[Freeipa-devel] user certificates

John Dennis jdennis at redhat.com
Wed Jun 11 17:07:22 UTC 2014


On 06/11/2014 12:12 PM, Nathaniel McCallum wrote:
> On Wed, 2014-06-11 at 08:55 -0400, John Dennis wrote:
>> On 06/11/2014 04:02 AM, Fraser Tweedale wrote:
>>> There are other use cases for user certificates, e.g. client
>>> authentication for HTTP or other network services.  Perhaps you know
>>> of others - in which case let us know.
>>
>> 802.11 wireless authentication using EAP-TLS
>>
>> A common discussion on the RADIUS mailing lists is the desire to deploy
>> using EAP-TLS but the difficulty of provisioning user certs is always
>> the stumbling block.
> 
> Why EAP-TLS over EAP-TTLS? Legacy support?
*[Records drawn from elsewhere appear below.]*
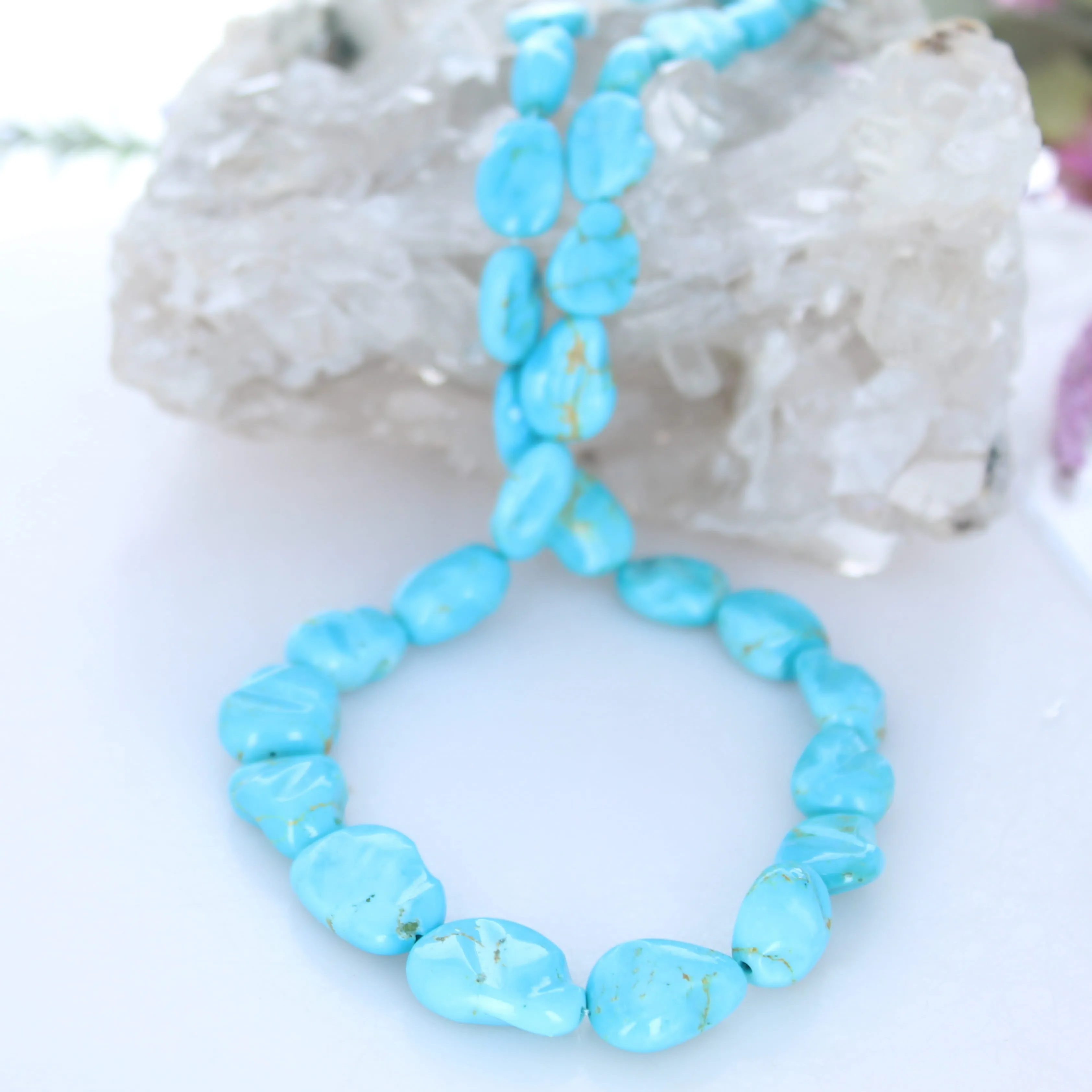 AAA KINGMAN TURQUOISE Carved Beads 20 Strand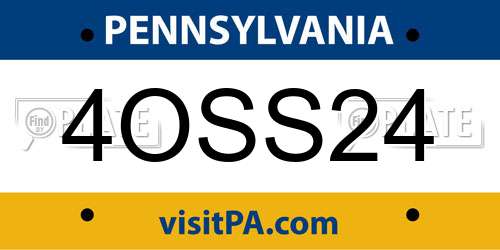 4OSS24 Pennsylvania License Plate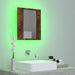 Dulap cu oglindă de baie LED, stejar fumuriu, 40x12x45 cm, lemn - WALTI WALTI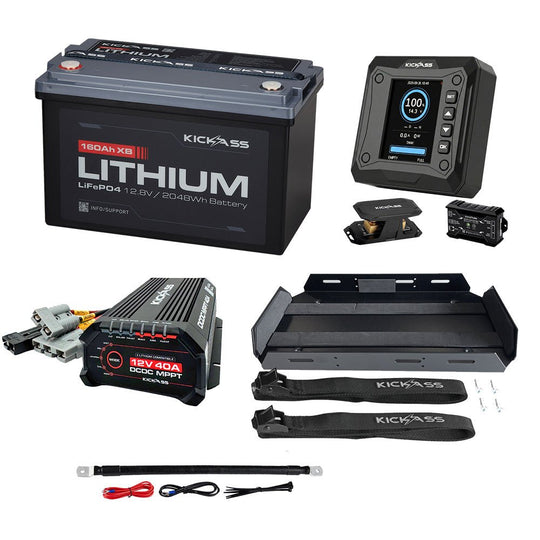 KickAss ProductsKickAss 12V 160Ah Deep Cycle Battery Bundle with DCDC Charger, Smart Shunt & Battery TrayKA-12160XBN70-DCDC-MON-TRAY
You can use a combo of
> mechanisms to support older OSes (mainly Windows).

Because EAP-TLS is what is used for mutual client/server authentication
using PKI. EAP-TLS is supported on more legacy OS's (e.g. older
Windows). Microsoft only started supporting EAP-TTLS in Windows 8.
EAP-TLS is considered very secure and my (unconfirmed) understanding is
it's somewhat common with enterprise Windows deployments because
Microsoft makes it easy to provision client certs.
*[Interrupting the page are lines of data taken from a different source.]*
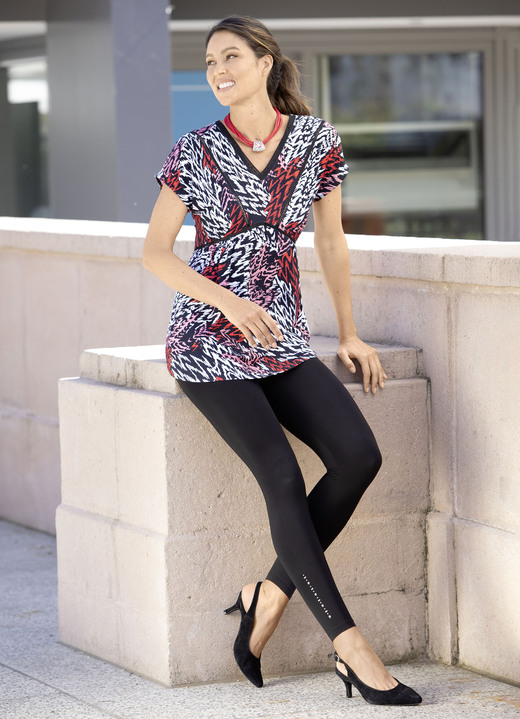 Leggings - Leggings mit edel glänzendem Ziermotiv, in Größe 034 bis 054, in Farbe SCHWARZ Ansicht 3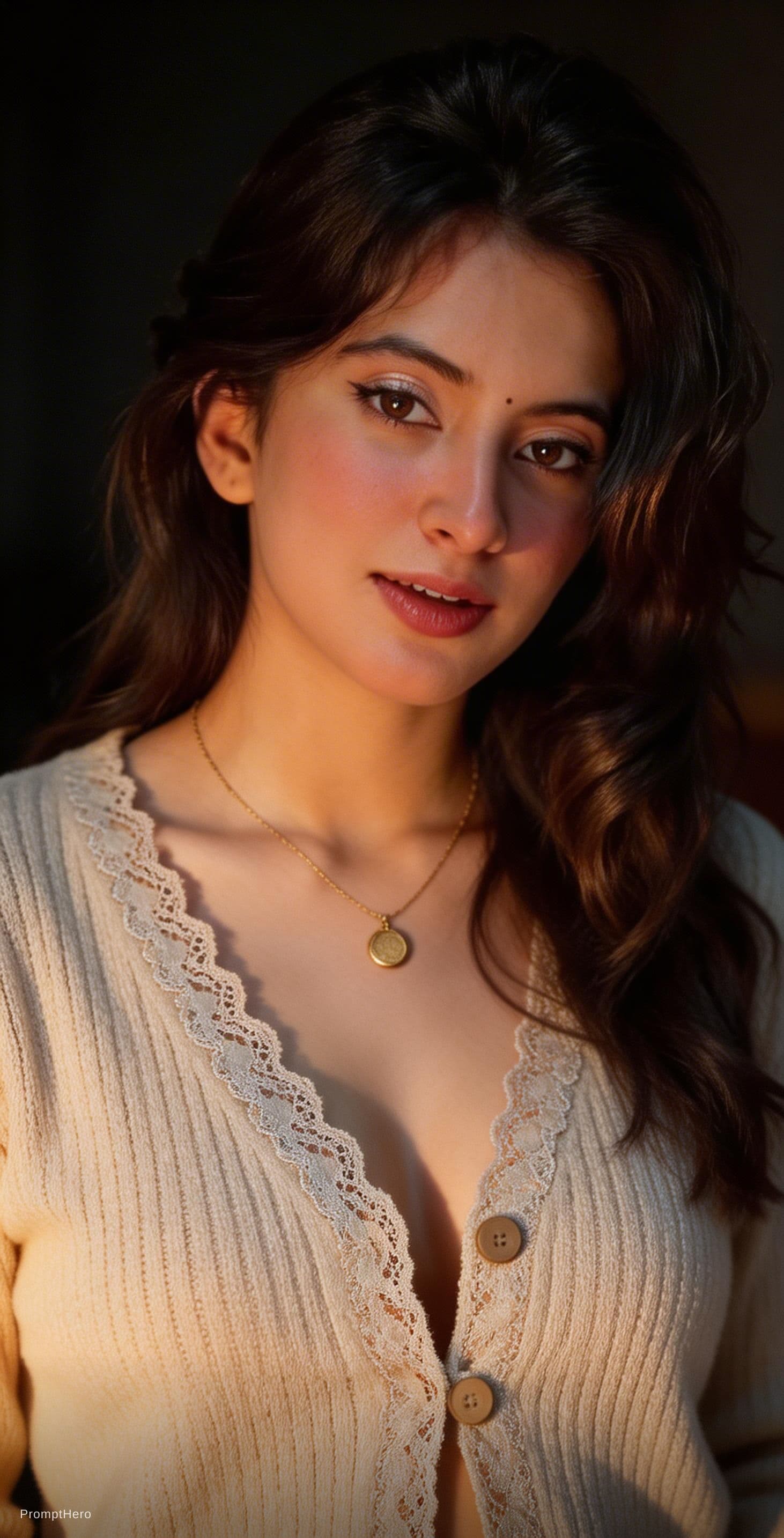 AI generated: A photorealistic close-up portrait of an adult woman in a dimly lit, moody studio setting, captured ...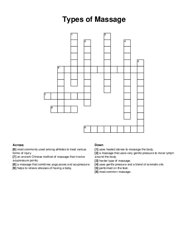 Types of Massage crossword puzzle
EAP-TTLS is primarily to set up a tunnel for other (less secure) methods
so that sensitive information is not in the clear. Note the leading T in
TTLS refers to "tunnel". Client authentication is optional with
EAP-TTLS. You could establish a TLS tunnel with EAP-TTLS and then run
EAP-TLS inside the tunnel but the two TLS sessions make it much less
efficient, the advantage is the username can be anonymous with
EAP-TTLS/EAP-TLS if that's actually a concern. If you're not concerned
about user anonymity (outer identity) then there is no value in
establishing a tunnel to run other authentication protocols in, with
EAP-TLS simply being able to complete the SSL handshake (with the
required client cert) is sufficient to establish authentication.